**Aim of the task**
Word for word, restate the data that follows, omitting the images.

Dataset content section start

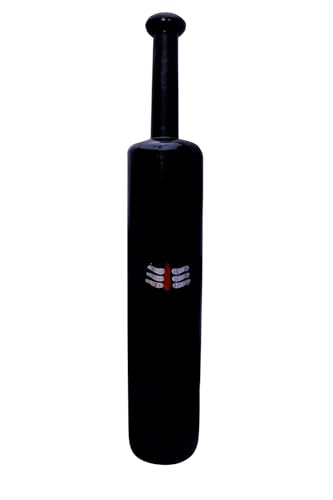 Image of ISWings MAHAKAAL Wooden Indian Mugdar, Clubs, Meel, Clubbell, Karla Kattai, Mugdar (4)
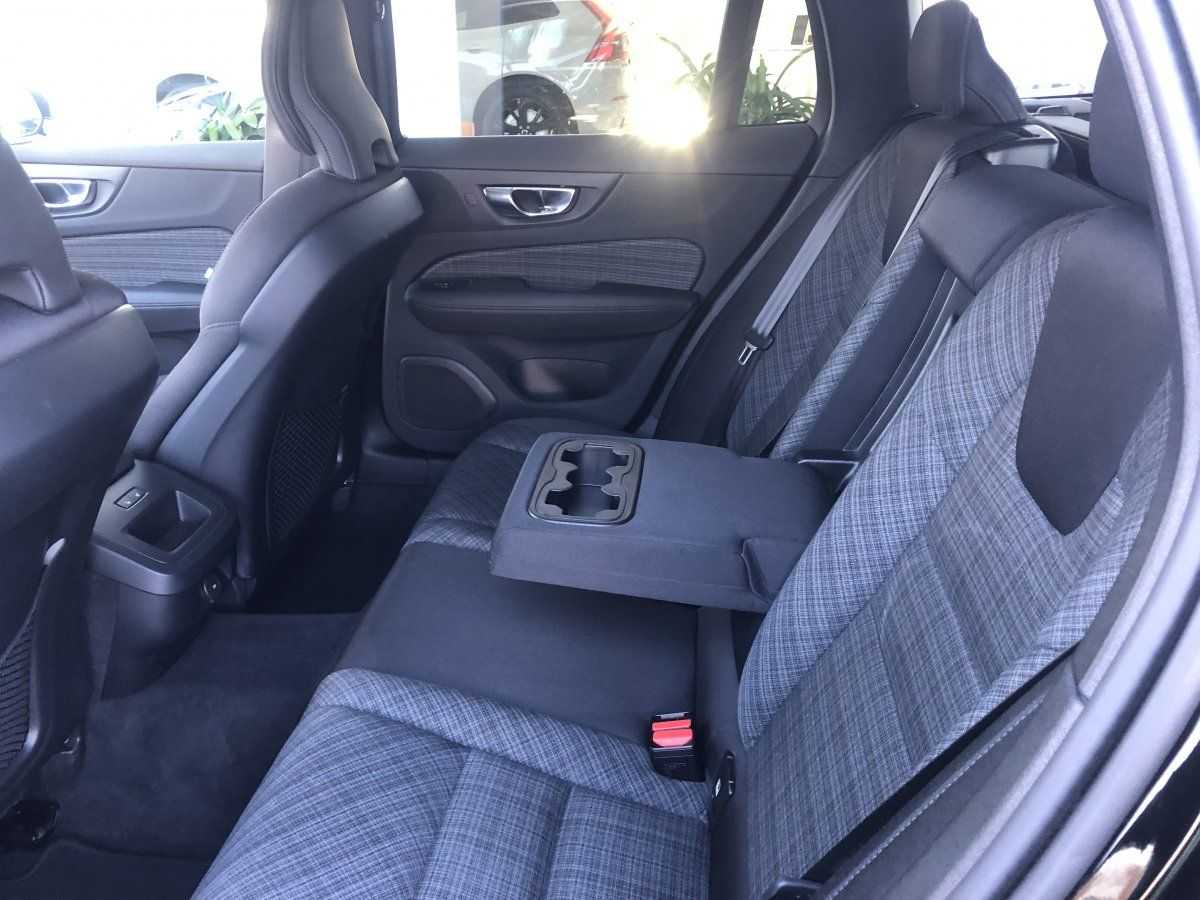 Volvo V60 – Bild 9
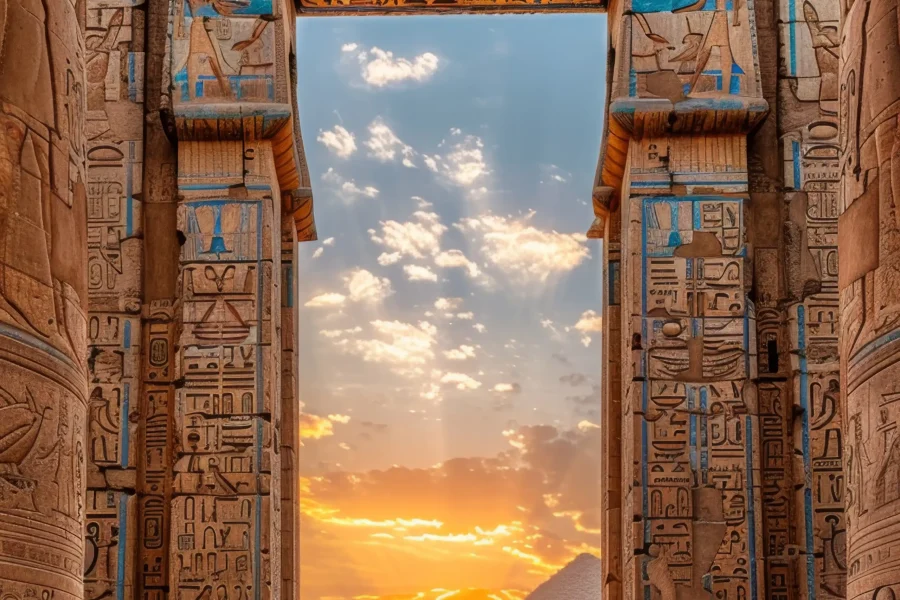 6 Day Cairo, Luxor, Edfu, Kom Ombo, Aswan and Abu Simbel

Dataset content section end

**Answer to this task**
 Image of ISWings MAHAKAAL Wooden Indian Mugdar, Clubs, Meel, Clubbell, Karla Kattai, Mugdar (4)
 Volvo V60 – Bild 9
 6 Day Cairo, Luxor, Edfu, Kom Ombo, Aswan and Abu Simbel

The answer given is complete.